Integrating timemory into a Project

timemory as a Submodule

Timemory has a permissive MIT license and can be directly included within another project. C++ projects can take advantage of the header-only feature of timemory and simply include the folders source/timemory and source/cereal.

Using CMake

It is highly recommended to use timemory with CMake

Timemory uses modern CMake INTERFACE targets to include the components you want without forcing you to include everything -- this means that compiler flags, preprocessor definitions, include paths, link options, and link libraries are bundled into separate "library" targets that only need to be "linked" to in CMake.

Available CMake Targets

These are the full target names available within CMake. These targets are always provided but may provide an empty target if the underlying specifications (such as a library and include path) were not available when timemory was installed.
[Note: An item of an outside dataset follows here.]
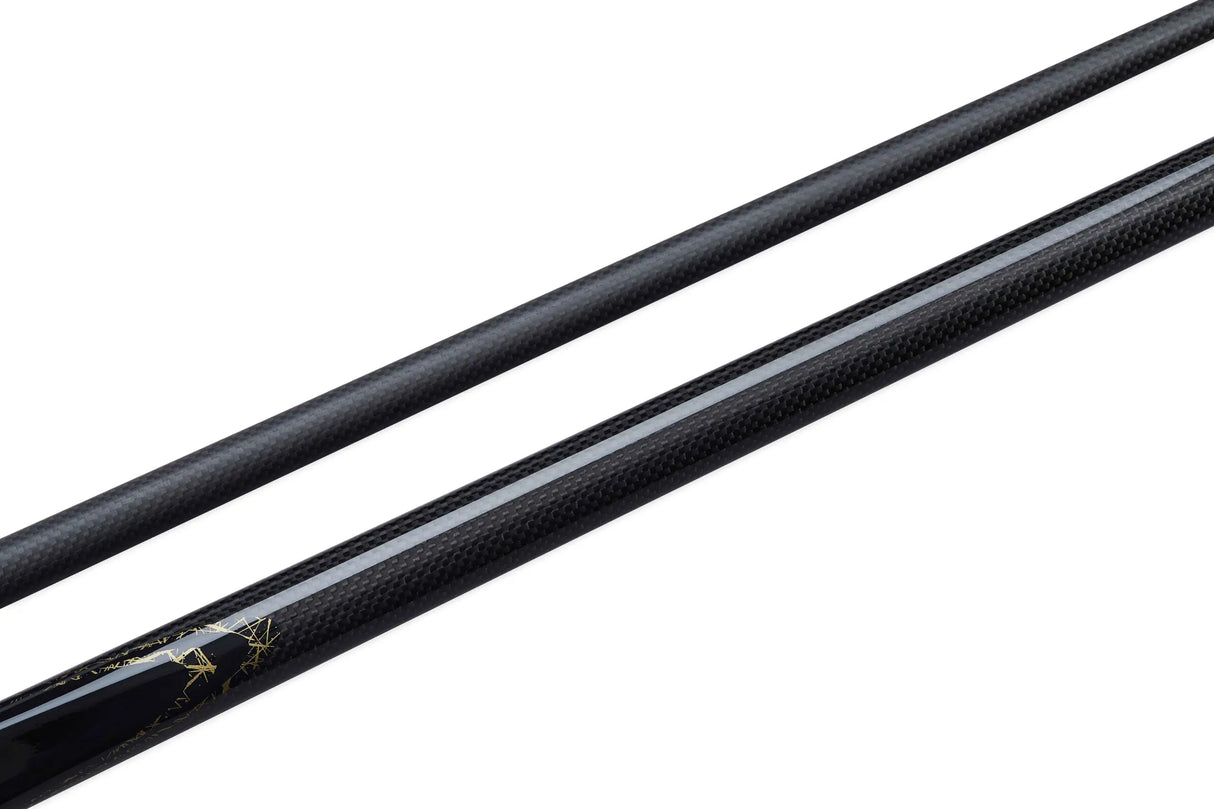 PowerGlide ARAMID 57 Inch 2 Piece Centre Joint Carbon Fibre Snooker Cue 10mm Tip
Target name Description Type
timemory-headers Provides include path for timemory interface
timemory-cereal Provides include path for cereal interface
timemory-c-shared C library shared library
timemory-c-static C library static library
timemory-cxx-shared C++ library shared library
timemory-cxx-static C++ library static library
timemory-extensions All non-essential extensions interface
timemory-mpi MPI includes and libraries interface
timemory-papi PAPI includes and libraries interface
timemory-cuda CUDA includes and libraries interface
timemory-cudart CUDA runtime library interface
timemory-cudart-device CUDA device runtime library interface
timemory-cudart-static CUDA static runtime library interface
timemory-cupti CUPTI includes and libraries interface
timemory-gperf gperftools includes and libraries interface
timemory-coverage Code coverage flags interface
timemory-sanitizer Sanitizer flags interface
timemory-compile-options Compiler flags recommended/used by timemory interface
timemory-arch Architecture-specific flags interface
timemory-vector Vectorization flags interface
timemory-extern-temples Import extern templates interface

Simple find_package Approach

add_library(foo SHARED foo.cpp)

# this adds the timemory include path
target_link_library(foo timemory-headers)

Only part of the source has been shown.